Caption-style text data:
:::::
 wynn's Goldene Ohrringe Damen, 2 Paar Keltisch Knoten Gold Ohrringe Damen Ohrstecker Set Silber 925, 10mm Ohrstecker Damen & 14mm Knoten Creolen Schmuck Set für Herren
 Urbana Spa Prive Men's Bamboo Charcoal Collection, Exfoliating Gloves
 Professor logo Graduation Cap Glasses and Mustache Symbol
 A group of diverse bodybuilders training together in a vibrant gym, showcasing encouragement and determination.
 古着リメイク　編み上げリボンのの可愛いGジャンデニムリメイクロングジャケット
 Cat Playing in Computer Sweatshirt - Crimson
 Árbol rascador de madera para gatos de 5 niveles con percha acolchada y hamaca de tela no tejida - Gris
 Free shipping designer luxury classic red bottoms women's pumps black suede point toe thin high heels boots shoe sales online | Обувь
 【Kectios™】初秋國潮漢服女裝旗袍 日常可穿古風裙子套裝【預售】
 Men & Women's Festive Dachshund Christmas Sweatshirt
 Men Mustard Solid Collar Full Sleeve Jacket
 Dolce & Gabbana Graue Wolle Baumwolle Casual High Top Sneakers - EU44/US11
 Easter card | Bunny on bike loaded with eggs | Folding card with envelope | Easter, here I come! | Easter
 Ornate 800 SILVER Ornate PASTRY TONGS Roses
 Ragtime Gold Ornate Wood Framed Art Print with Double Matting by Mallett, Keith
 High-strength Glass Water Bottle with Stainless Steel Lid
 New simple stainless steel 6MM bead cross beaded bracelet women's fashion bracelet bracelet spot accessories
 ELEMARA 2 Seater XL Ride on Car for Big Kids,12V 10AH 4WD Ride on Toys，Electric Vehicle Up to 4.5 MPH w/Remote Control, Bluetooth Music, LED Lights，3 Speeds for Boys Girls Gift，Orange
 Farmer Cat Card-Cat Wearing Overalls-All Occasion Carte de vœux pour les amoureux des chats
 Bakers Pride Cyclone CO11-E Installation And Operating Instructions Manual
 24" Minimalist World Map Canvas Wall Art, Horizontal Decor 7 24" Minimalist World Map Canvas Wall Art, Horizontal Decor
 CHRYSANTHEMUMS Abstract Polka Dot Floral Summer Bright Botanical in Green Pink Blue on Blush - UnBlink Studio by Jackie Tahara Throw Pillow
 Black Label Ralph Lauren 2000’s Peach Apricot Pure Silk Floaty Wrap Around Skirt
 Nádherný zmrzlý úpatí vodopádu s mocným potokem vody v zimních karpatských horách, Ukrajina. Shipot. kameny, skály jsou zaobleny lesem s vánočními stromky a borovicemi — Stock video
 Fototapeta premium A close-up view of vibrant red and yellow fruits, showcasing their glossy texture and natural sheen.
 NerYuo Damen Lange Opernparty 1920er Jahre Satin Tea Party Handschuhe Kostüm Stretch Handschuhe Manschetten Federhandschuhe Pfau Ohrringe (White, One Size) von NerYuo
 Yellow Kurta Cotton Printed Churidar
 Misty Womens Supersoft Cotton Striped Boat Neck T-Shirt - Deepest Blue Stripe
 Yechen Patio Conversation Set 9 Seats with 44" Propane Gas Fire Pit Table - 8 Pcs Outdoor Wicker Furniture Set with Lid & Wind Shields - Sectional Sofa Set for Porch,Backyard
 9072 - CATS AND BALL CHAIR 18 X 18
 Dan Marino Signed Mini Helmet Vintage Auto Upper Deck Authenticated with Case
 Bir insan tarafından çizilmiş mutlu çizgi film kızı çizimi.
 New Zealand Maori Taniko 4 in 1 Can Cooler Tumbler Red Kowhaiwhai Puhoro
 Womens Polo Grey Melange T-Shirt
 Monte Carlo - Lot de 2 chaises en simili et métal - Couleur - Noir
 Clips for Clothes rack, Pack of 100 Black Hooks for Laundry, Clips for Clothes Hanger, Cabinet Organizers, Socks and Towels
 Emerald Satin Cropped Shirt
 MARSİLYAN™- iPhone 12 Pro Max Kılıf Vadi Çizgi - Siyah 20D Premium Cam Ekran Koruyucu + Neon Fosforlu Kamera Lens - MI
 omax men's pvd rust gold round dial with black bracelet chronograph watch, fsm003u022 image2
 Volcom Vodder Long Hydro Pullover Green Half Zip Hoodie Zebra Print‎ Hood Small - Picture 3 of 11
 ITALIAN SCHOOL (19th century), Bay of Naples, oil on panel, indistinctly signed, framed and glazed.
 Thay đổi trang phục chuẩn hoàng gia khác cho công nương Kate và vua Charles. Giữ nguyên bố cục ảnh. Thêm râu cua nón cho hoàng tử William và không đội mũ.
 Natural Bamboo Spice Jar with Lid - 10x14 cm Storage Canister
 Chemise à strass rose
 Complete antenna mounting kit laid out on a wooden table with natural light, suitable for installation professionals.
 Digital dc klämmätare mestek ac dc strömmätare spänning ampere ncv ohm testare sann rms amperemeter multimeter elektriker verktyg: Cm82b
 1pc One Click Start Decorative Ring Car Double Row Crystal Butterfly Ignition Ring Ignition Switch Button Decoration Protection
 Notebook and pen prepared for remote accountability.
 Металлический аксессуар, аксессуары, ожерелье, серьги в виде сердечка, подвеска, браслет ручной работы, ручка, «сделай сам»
:::::
Exercise: Return only the exact lines from the opening of the records through the line that contains "Professor logo Graduation", both included.

Response:
 wynn's Goldene Ohrringe Damen, 2 Paar Keltisch Knoten Gold Ohrringe Damen Ohrstecker Set Silber 925, 10mm Ohrstecker Damen & 14mm Knoten Creolen Schmuck Set für Herren
 Urbana Spa Prive Men's Bamboo Charcoal Collection, Exfoliating Gloves
 Professor logo Graduation Cap Glasses and Mustache Symbol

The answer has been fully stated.